Pero a la hora de la verdad, bastante le costó engullir el trago que tomó. Y desde luego que le tuve que pedir ayuda a Bran, que le aguantó la cabeza con el brazo mientras le daba la sopa a cucharadas, poco a poco. Evan tuvo arcadas, a pesar de sus mejores esfuerzos.

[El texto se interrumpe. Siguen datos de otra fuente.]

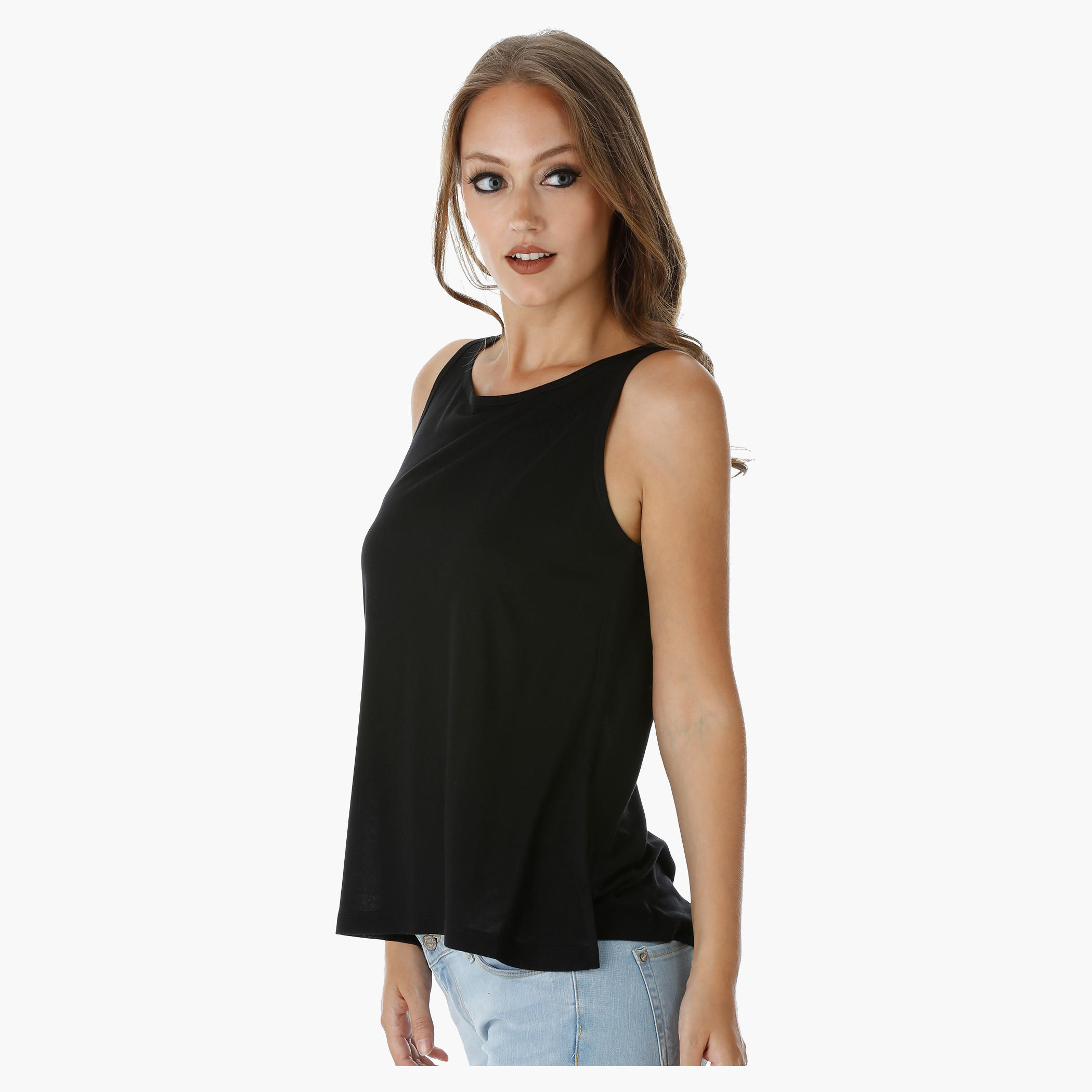 Sleeveless Round Neck Top-women-clothing-tshirts-image-3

—Respira despacio como te he dicho —le indiqué en voz baja—. Tienes que intentar no echarlo. Una cucharada más.

Pronto se cansó. Y había tragado poquísimo. Ya se le estaban formando perlas de sudor en la frente. Tendría que quemar algunas hierbas aromáticas, pues no había modo de conseguir suficiente poción para dormir que le proporcionara alivio. Jamás hablaba del dolor, salvo en broma, pero yo sabía que era extremo.

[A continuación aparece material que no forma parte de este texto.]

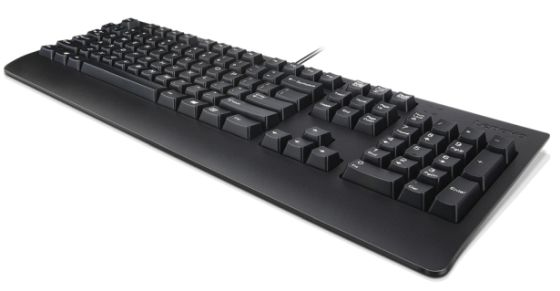 Image of Lenovo Preferred Pro II keyboard USB Danish Black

—¿Puedes acercar el brasero un poco?

Bran no dijo nada, pero obedeció mis órdenes. Me observaba en silencio mientras tomaba lo que necesitaba de mi bolsa y esparcía la mezcla en los carbones todavía ardientes. No quedaba demasiado. Pero bueno, tres días tampoco era tanto. No me permitía pensar más allá de esa fecha. El aroma acre se elevó en el cielo nocturno. Enebro, pino, hojas de cáñamo. Con tal de poder hacerle tragar una infusión, pues media taza de lavanda y hojas de abedul alivian el dolor y facilitan el sueño reparador. Pero no tenía los ingredientes para hacer dicha cocción, ni habría tenido Evan energía para tragarla. Además, había pasado el solsticio de verano. Las hojas de abedul sólo son buenas para eso frescas, y recolectadas en primavera. Deseé que mi madre estuviera conmigo. Habría sabido qué hacer. El herrero se quedó en silencio, con los ojos entrecerrados, pero su respiración era dificultosa. Escurrí el paño y empecé a recoger.

—¿Qué habría pasado si Conlai jamás hubiese sabido el nombre de su padre? —preguntó Bran de repente, desde la entrada—. ¿Y si hubiese crecido, pongamos por caso, en la familia de un granjero, o con una hermandad en una casa de oración? ¿Qué habría pasado entonces?

Estaba tan sorprendida que no dije nada, mis manos seguían trabajando automáticamente; vacié el cuenco y lo limpié, desenrollé mi manta sobre la dura tierra.

—Has dicho que por sus venas corría la sangre de su padre, así que la voluntad de su padre de ser guerrero también estaba en él. Pero su madre lo entrenó en las artes de la guerra, dispuso ese camino para él, antes incluso de saber quién era Cú Chulainn. ¿Quieres decir que fuese cual fuera su educación, aquel chico estaba destinado a prolongar el molde de su padre? ¿Como si su muerte hubiera estado predestinada desde el momento en que nació?

—¡Oh, no! —Sus palabras me conmocionaron—. Decir eso sería tanto como afirmar que no tenemos elección en el modo en que se desarrolla nuestro camino. No digo eso. Sólo que somos aquello que nuestros padres y madres nos hacen, y que portamos algo de ellos en lo más profundo de nuestro interior, no importa el qué. Si Conlai hubiera sido criado en un monasterio, habría tardado mucho más en despertársele el valor y el espíritu belicoso de su padre. Pero lo habría encontrado, de un modo u otro. Era ese tipo de hombre, y nada podía cambiarlo.

Bran se reclinó contra el muro de roca, su figura desapareció en la sombra.

—Y si… —dijo—. La… la esencia, la chispa, lo que quiera que fuera esa pequeña parte del padre que él llevaba consigo… se hubiese perdido, destruido, antes de que supiera que estaba allí. Podrían… podrían habérsela arrebatado.

Sentí un frío extraño, y se me erizaron los pelos del cuello. Era como una oscuridad que se extendía sobre mí, sobre nosotros dos. E imágenes, que pasaban tan rápido ante mi mente que apenas si podía descifrarlas antes de que desaparecieran.

oscuro, tan oscuro. La puerta se cierra. No puedo respirar. Calla, trágate las lágrimas, no hagas ruido. Dolor, unos calambres como de fuego. Tengo que moverme. No me atrevo a moverme, me oirán… ¿dónde estás? ¿Dónde estás… dónde has ido?

Me obligué a regresar al mundo real, temblando. El corazón me latía desbocado.

—¿Qué pasa? —Bran salió de las sombras con los ojos fijos en mi rostro—. ¿Ocurre algo?

—Nada —susurré—. Nada. —Y me di la vuelta, pues no quería mirarle a los ojos. Fuera lo que fuese la visión oscura, procedía de él. Debajo de la superficie había aguas profundas no cartografiadas; reinos extraños y peligrosos.

—Necesitas dormir —dijo, y cuando al fin me di la vuelta, ya se había marchado. El brasero ardía con poco fuego. Reduje la llama de la lámpara pero no la apagué, no se fuera a despertar el herrero y me necesitara. Después me eché a descansar.